Not able to get RTK speedups on GPU

Hi.

I am using RTK to do iterative reconstruction. Everything seems to be working, except when trying to run things on the GPU. Everything compiles fine and it runs. However, when the GPU-compiled programs run, they are slow, slower than the CPU versions. nvtop shows that the process is present on the GPU, but that it is using 0% of GPU processing while it is hammering the CPU. This is true of RTK code that I wrote as well as the RTK-ready applications such as rtkfdk, admmtv, conjugategradient, etc. I have compiled (clean) ITK with the flags ITK_USE_GPU and RTK_USE_CUDA. Below is a list of system stuff (for reference) and the display from nvtop. Any pointers/advice is appreciated.

Ross

OS: Ubuntu 22.04
Graphics card: NVIDIA RTX 500
Driver Version: 535.183.01
CUDA Version: 12.2

@simon.rit might answer.

Thx

Could you please provide a concrete example of what you’re trying to do? For rtkfdk, you need to use the option --hardware cuda. For iterative reconstruction, you need to use forward and backprojectors, e.g. --fp CudaRayCast --bp CudaVoxelBased.

1 Like

Aha. I see these now in the command-line options for these executables. Let me try these options and see how it goes.

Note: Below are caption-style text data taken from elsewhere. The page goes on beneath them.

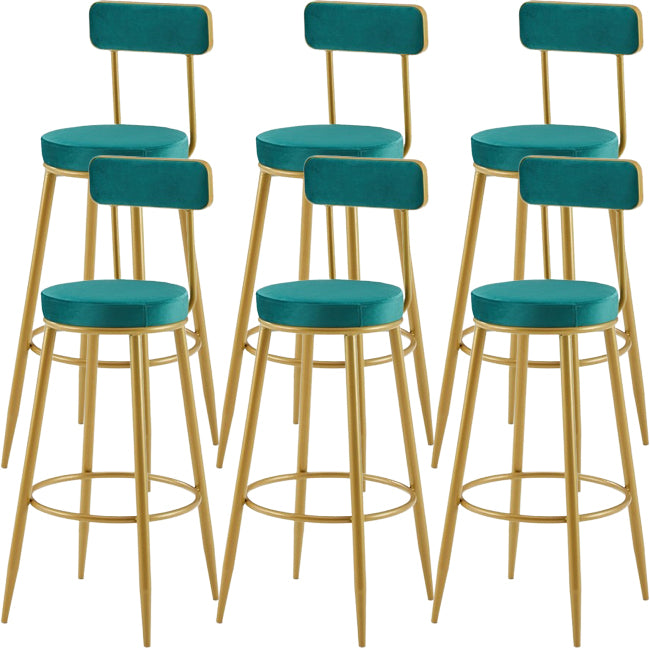 Nordic Armless Backrest Counter Stool Iron Cashier Bar Stool with Velvet Cushion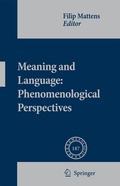 Cover: Meaning and Language: Phenomenological Perspectives - Springer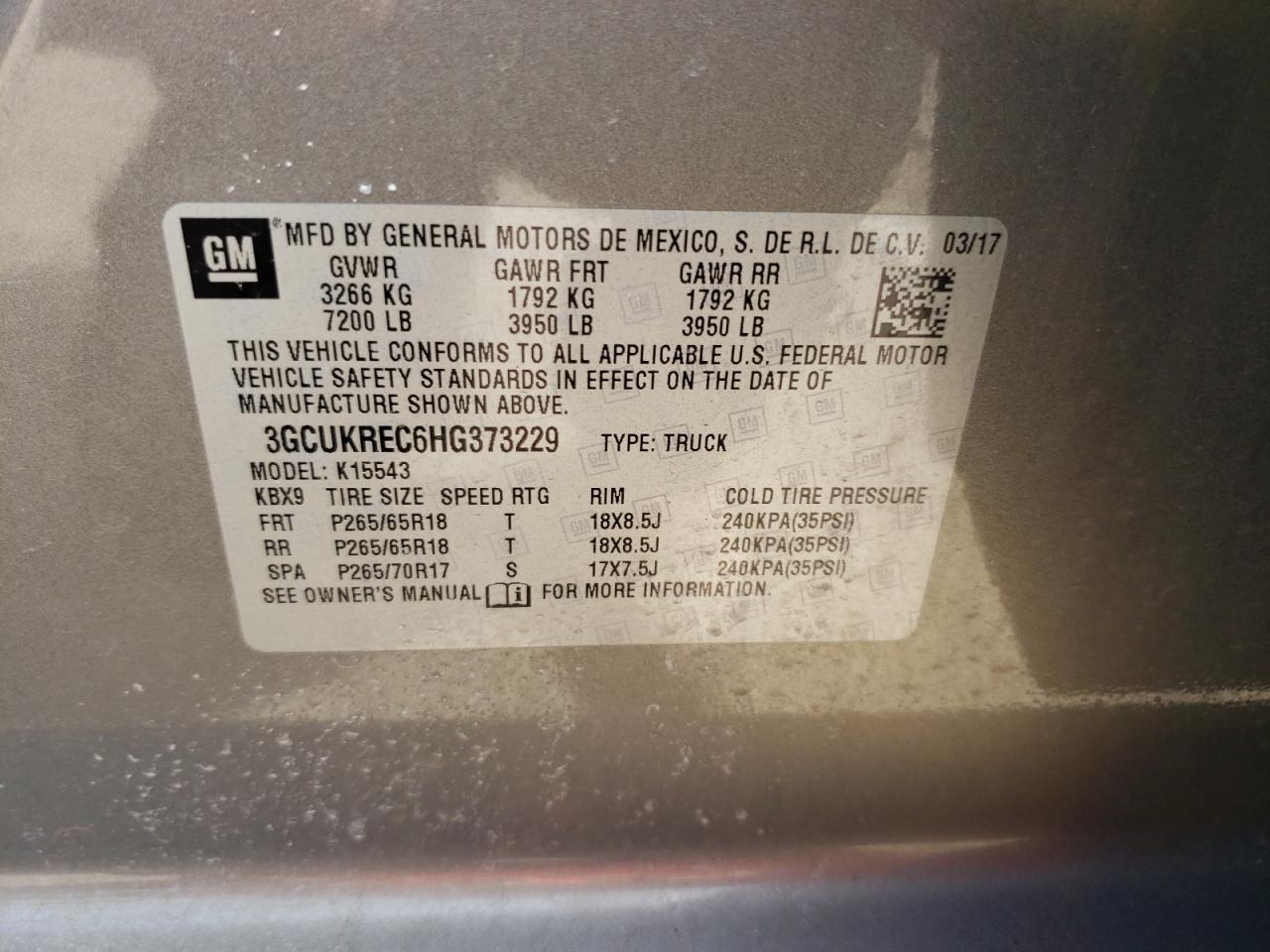 Photo 10 from auction – 2017 CHEVROLET SILVERADO with VIN 3GCUKREC6HG373229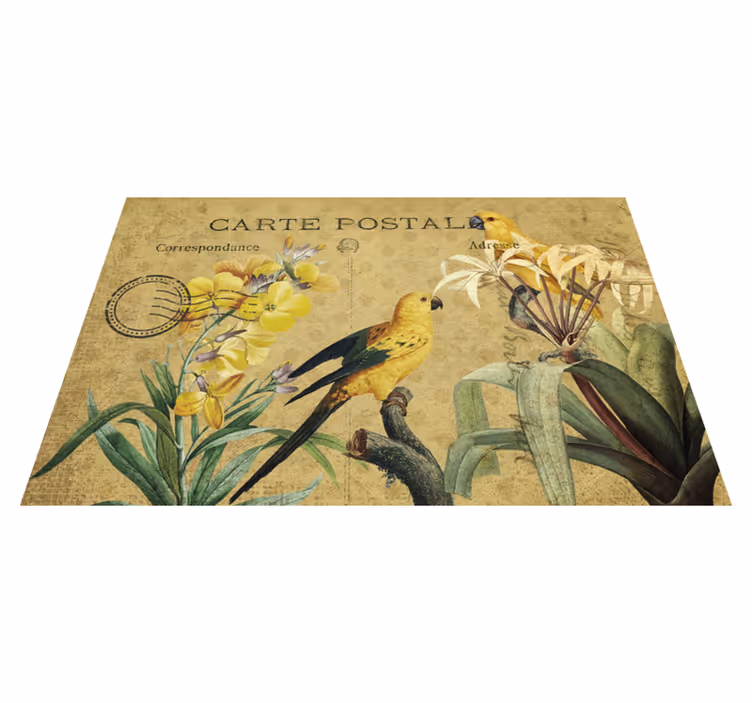 Original dækkeserviet vintage blomsterpostkort - TenStickers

This seems to work. Thanks, so much, for your help!

1 Like

Hi,

Thanks so much for your help. RTK is really a great resource, and I have been studying how it is put together. Great design and software.

I am still having some trouble getting the GPU to engage consistently. When I run the applications that are built in RTK from the command line. Things work as expected. That is, the application uses the GPU consistently and does not use the CPU much. To determine this I use nvtop in linux. So for the commands:

Create a simulated geometry

rtksimulatedgeometry -n 180 -o geometry.xml

Create projections of the phantom file

rtkprojectshepploganphantom -g geometry.xml -o projections.mha --spacing 2 --dimension 800

Reconstruct

rtkregularizedconjugategradient -p . -r projections.mha -o regularizedrecon.mha -g geometry.xml --spacing 2,2,16 --dimension 800,800,100 --tviter 4 --gammatv 10.0 -n 10 --tikhonov 1.0 --gammalaplacian 1.0 --fp CudaRayCast --bp CudaVoxelBased

I get the following GPU behavior:

Which makes sense. Everything seems to be computed on the GPU. Very little use of the CPU during the iterative reconstruction process. However, if I create my own CG iterative code (.cxx attached), I get a different behavior, for the same geometry and reconstruction volume. There is a burst of GPU activity at each iteration and then the process hammers the CPU for several seconds. Like this:

I figure that some piece of the processing is not being done on the GPU. Must be some filter that I have not GPU enabled. However, I have not yet been able to figure out what I am missing. I have verified that the projections and the volume for reconstruction are cuda images, and all of the filters are templated for cuda images.

Any suggestions would be appreciated.

Regards,

Ross

FirstCudaReconstructionCG.cxx (5.0 KB)

I don’t know what could be the issue, I would have expected the same behaviour. Is your code indeed slower than the command line application?
My suggestion would be to run the two codes with the exact same parameters and to turn on the CMake option RTK_PROBE_EACH_FILTER. The --verbose option of the command line tool will then report the time spent in each filter. You can do the same in your code, see code here, and compare the printed results to understand what filter is causing this.